I'm a returning player who has not played much since 2022 until a couple of months ago, and I've noticed a lot more sets and skills seem to have parallel effects for PvP and PvE, usually with some reduction for PvP or simply some effect or condition disabled in PvP.
While I understand that the balance of PvP is a difficult and controversial issue, and it is difficult to craft buffs for classes which are weak in PvE without having a drastic effect on PvP, especially for anything that could even remotely be considered useful for ganking (the canonically evil playstyle), I am really struck by how common this easy way out is becoming. Rather than introduce skills or modifiers or set effects which are balanced with both PvE and PvP in mind, there appears to more and more be a trend towards simply separating them entirely. The end state of this would be a game where you effectively have 2 entirely different ecosystems, with entirely separate skills and entirely separate item lists.
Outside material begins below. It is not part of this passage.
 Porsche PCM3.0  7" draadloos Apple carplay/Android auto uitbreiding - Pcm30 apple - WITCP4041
I don't think this is a good way to go, as should be obvious. I think part of the combat system that made ESO so much fun for so long was the depth of the one big pool of sets and skills and modifiers that all builds were crafted from, and how much variety and inventiveness it allowed. Delineating balance into separate pools by adding PvP specific conditions to so many options will destroy this and constrict much of the inventiveness inherent in developing builds, especially in PvP, which would in turn flatten one of the major appeals of ESO as a game.
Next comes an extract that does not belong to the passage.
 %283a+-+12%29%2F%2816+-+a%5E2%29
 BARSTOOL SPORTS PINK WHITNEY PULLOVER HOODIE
I don't have much of a specific recommendation or comment to make beyond saying that I think it would be a step forward if there were fewer distinctions between PvP and PvE balance, not more, and if enough thought was put into mechanics to enable introducing things which are useful in both arenas without being unbalanced in either. I know this is possible because the vast majority of the stat impacting items (skills, sets, CP, buffs/debuffs, etc.) are still not touched by this.